Das Schicksal der Kameradin Bertschat hat mich berührt. Aber auch ihre Zielstrebigkeit. Svenja Bertschat ist jetzt Wehrführerin.

Auch wenn eine Menge für die Prävention getan wird, der Feuerwehrdienst birgt vielfältige Unfallgefahren. Für mich als Kreiswehrführer stellen sich nach einem Unfall erste Fragen: Wie schwer ist die Verletzung? Ist die Kameradin oder der Kamerad optimal ärztlich versorgt? Ein kurzes Telefonat mit der FUK kann hier schon Abhilfe schaffen und ich kann mich davon überzeugen, dass alles läuft.

„Die FUK ist mir dabei eine große Stütze, damit sich um alles gekümmert wird und die Kameradin wieder fest im Leben steht.“

Leider ist es nicht in jedem Fall möglich, dass mit Abschluss der medizinischen Versorgung auch wieder alles wieder so ist, wie vor dem Unfall. Da stellt sich schon die Frage, können der Dachdecker oder die Schornsteinfegerin wieder aufs Dach steigen? Was passiert, wenn das Bein oder die Schulter steif bleiben?

Natürlich kann auch ich nach meinen Möglichkeiten unterstützen. Im Fall von Svenja Bertschat konnte ich mich an der Landesfeuerwehrschule dafür einsetzen, dass sie trotz ihrer Verletzung die erforderlichen Lehrgänge absolvieren kann, um Wehrführerin zu werden.

Durch den engen Kontakt zu ihr und als aktives Mitglied der Feuerwehr Heiligenhafen wusste ich zudem, dass sie medizinisch bestens versorgt ist. Auch finanziell war sie gut abgesichert. Selbst als es darum ging, dass sie ihren Beruf nicht mehr ausüben konnte, griffen die Maßnahmen der Berufshilfe der FUK als Träger der  gesetzlichen Unfallversicherung.

Als Kreiswehrführer trägt man eine große Verantwortung. Die FUK ist mir dabei eine große Stütze, sei es mit ihren Präventionsmaßnahmen oder wie in diesem Fall, dass sich um alles gekümmert wird und die Kameradin Bertschat nun mit beiden Beinen wieder fest im Leben steht. Das was uns die FUK auf Schulungsveranstaltungen und Seminaren über ihre Leistungen berichtet, erfolgt so auch in der Praxis.

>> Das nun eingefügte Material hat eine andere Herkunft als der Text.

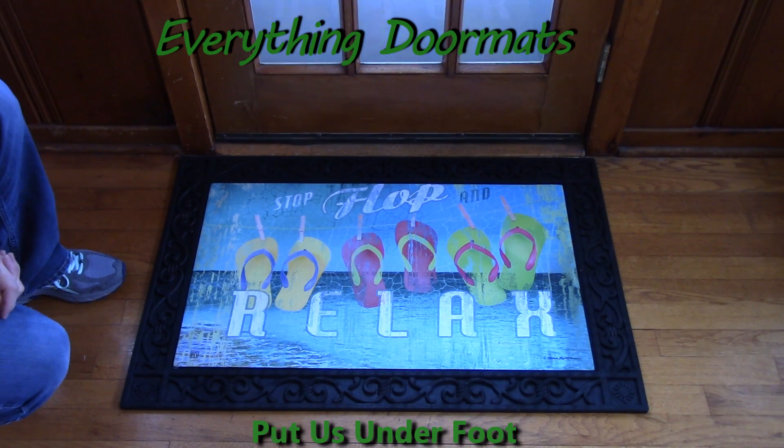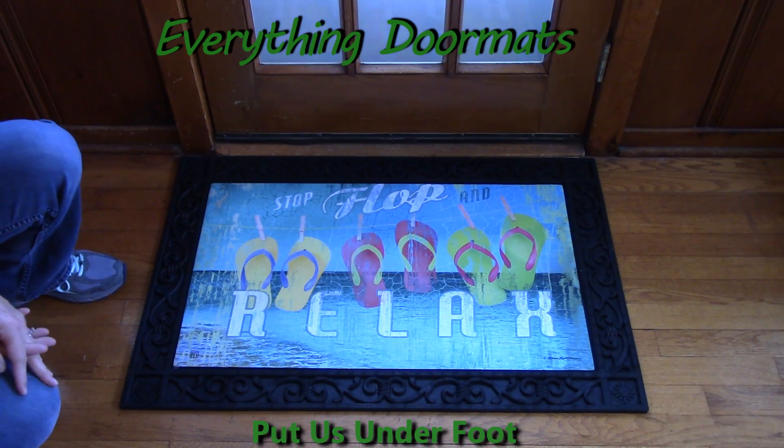Better in flip-flops. Who doesn't want to stop and flop and relax in the Sun?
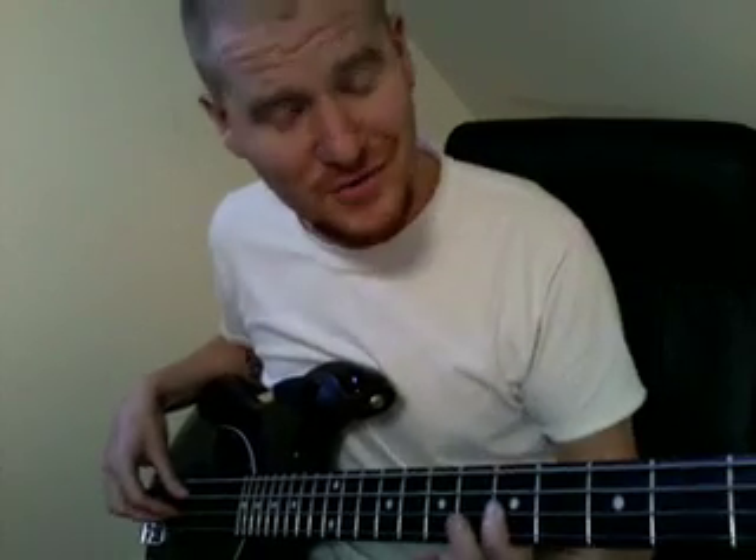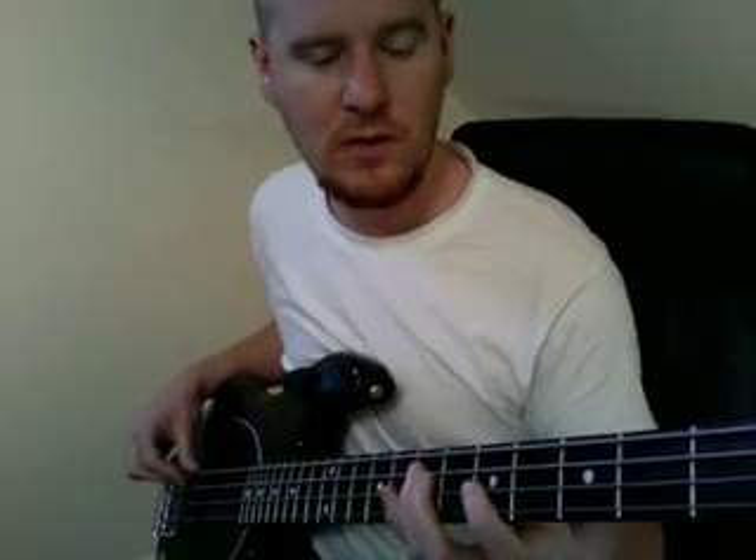Then with our pointer finger we're going to come down and hit the 5th fret on the D string. Then we're going to come back and hit that 7th fret again. Then we're going to come down with our pointer finger and hit the 5th fret on the A string.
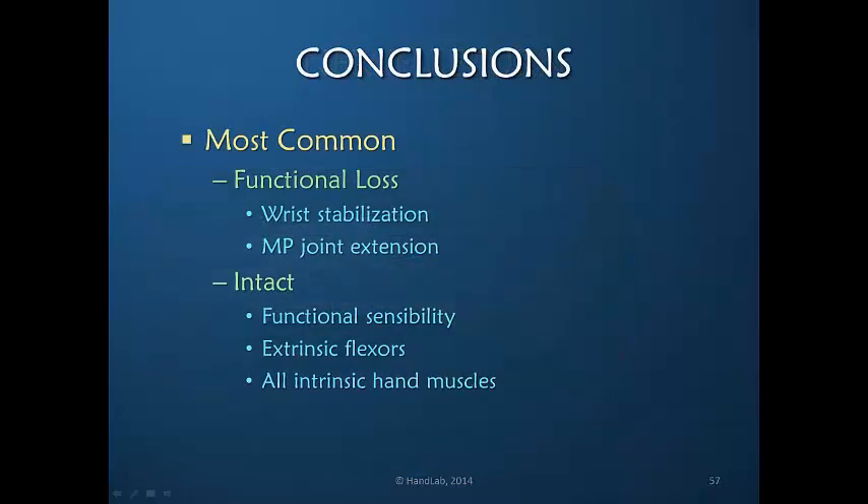Our conclusions are that the most common radial nerve injury creates a functional loss because there is no wrist stabilization or MP joint extension. What does remain — to the advantage of the patient — is functional sensibility, all extrinsic flexors, both wrist flexors and finger flexors, and all intrinsic hand muscles including those of the thumb.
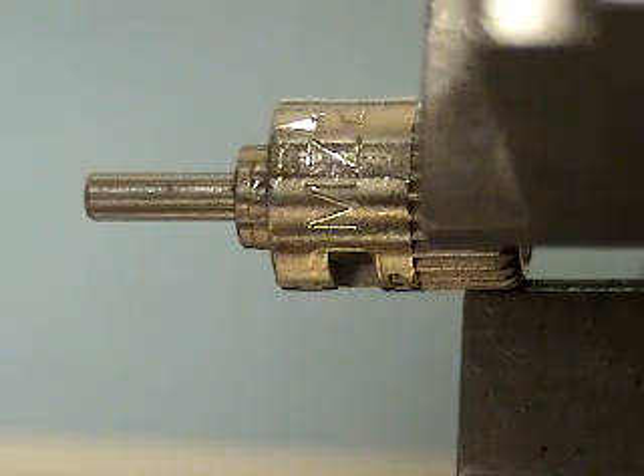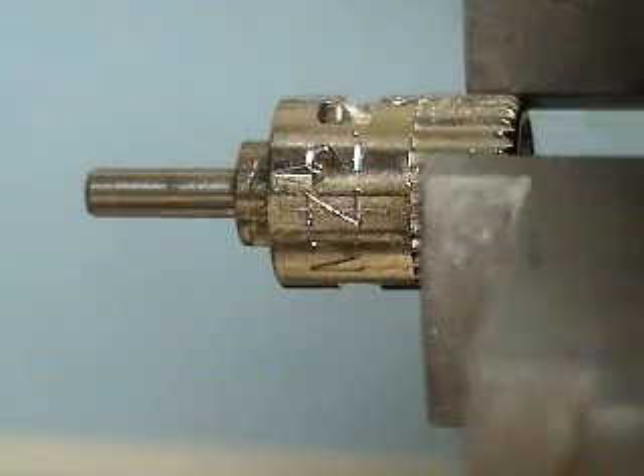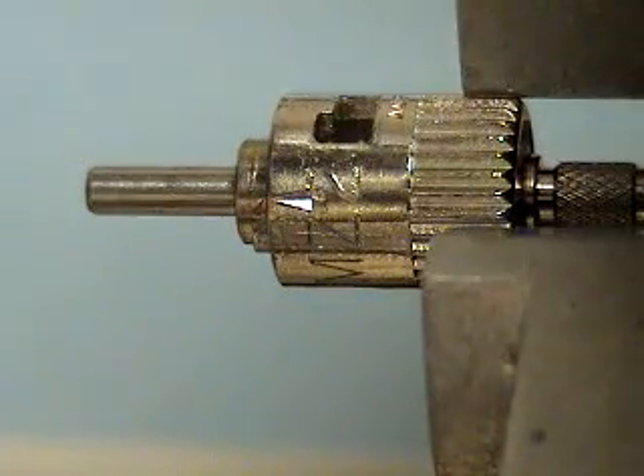The engraving is pretty deep. It could be made smaller, and if there was room, it could go longer. This gives you a pretty good idea of what it would look like.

Darauf kann ich mich verlassen.

Reha-Management und Berufshilfe

Reha-Manager und Berufshelfer der gesetzlichen Unfallversicherungsträger unterstützen die Versicherten aktiv bei ihrer medizinischen, beruflichen und sozialen Rehabilitation. Berufshelfer sind für die Planung, Koordinierung und Begleitung der Rehabilitation und aller Leistungen zur Teilhabe am Arbeitsleben und am Leben in der Gemeinschaft zuständig, die nach einem Unfallversicherungsfall notwendig sind.

1) Die Versichertenkarte ist ein Nachweis, den Feuerwehr-Angehörige in Arztpraxen und Krankenhäusern vorlegen können. Sie enthält das Institutionskennzeichen und die Anschrift in diesem Fall der HFUK Nord sowie Verhaltensregeln nach einem Unfall im Feuerwehrdienst.

2) Die KSR (Komplexe Stationäre Rehabilitation) ist eine spezielle Form der stationären Rehabilitation, die als Leistung der gesetzlichen Unfallversicherung angeboten wird. Sie wird bei schweren Unfallverletzungen eingesetzt, die eine intensive und langwierige Rehabilitation erfordern.